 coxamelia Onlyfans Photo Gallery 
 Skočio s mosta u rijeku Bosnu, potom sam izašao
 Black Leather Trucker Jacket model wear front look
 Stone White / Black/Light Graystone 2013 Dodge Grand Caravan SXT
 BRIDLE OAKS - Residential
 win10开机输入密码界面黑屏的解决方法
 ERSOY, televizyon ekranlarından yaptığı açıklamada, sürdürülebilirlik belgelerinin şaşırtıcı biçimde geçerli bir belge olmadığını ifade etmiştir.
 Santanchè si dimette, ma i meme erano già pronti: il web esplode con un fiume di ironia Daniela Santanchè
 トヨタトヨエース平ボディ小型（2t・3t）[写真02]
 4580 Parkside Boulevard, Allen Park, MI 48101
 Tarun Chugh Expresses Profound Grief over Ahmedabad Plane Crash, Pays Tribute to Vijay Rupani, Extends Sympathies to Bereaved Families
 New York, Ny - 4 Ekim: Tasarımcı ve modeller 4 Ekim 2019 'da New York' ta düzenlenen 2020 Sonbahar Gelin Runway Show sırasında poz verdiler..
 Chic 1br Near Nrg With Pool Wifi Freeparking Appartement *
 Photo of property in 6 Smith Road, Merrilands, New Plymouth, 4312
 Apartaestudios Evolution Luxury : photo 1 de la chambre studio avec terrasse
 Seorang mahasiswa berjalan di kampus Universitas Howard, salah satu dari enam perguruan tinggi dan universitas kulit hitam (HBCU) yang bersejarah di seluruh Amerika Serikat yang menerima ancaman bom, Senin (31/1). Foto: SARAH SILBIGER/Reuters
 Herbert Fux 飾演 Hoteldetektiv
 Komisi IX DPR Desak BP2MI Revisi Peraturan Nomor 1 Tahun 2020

## [What you will do]
In your reply, write out all of the material exactly as it was given.

## [Response area]
 coxamelia Onlyfans Photo Gallery 
 Skočio s mosta u rijeku Bosnu, potom sam izašao
 Black Leather Trucker Jacket model wear front look
 Stone White / Black/Light Graystone 2013 Dodge Grand Caravan SXT
 BRIDLE OAKS - Residential
 win10开机输入密码界面黑屏的解决方法
 ERSOY, televizyon ekranlarından yaptığı açıklamada, sürdürülebilirlik belgelerinin şaşırtıcı biçimde geçerli bir belge olmadığını ifade etmiştir.
 Santanchè si dimette, ma i meme erano già pronti: il web esplode con un fiume di ironia Daniela Santanchè
 トヨタトヨエース平ボディ小型（2t・3t）[写真02]
 4580 Parkside Boulevard, Allen Park, MI 48101
 Tarun Chugh Expresses Profound Grief over Ahmedabad Plane Crash, Pays Tribute to Vijay Rupani, Extends Sympathies to Bereaved Families
 New York, Ny - 4 Ekim: Tasarımcı ve modeller 4 Ekim 2019 'da New York' ta düzenlenen 2020 Sonbahar Gelin Runway Show sırasında poz verdiler..
 Chic 1br Near Nrg With Pool Wifi Freeparking Appartement *
 Photo of property in 6 Smith Road, Merrilands, New Plymouth, 4312
 Apartaestudios Evolution Luxury : photo 1 de la chambre studio avec terrasse
 Seorang mahasiswa berjalan di kampus Universitas Howard, salah satu dari enam perguruan tinggi dan universitas kulit hitam (HBCU) yang bersejarah di seluruh Amerika Serikat yang menerima ancaman bom, Senin (31/1). Foto: SARAH SILBIGER/Reuters
 Herbert Fux 飾演 Hoteldetektiv
 Komisi IX DPR Desak BP2MI Revisi Peraturan Nomor 1 Tahun 2020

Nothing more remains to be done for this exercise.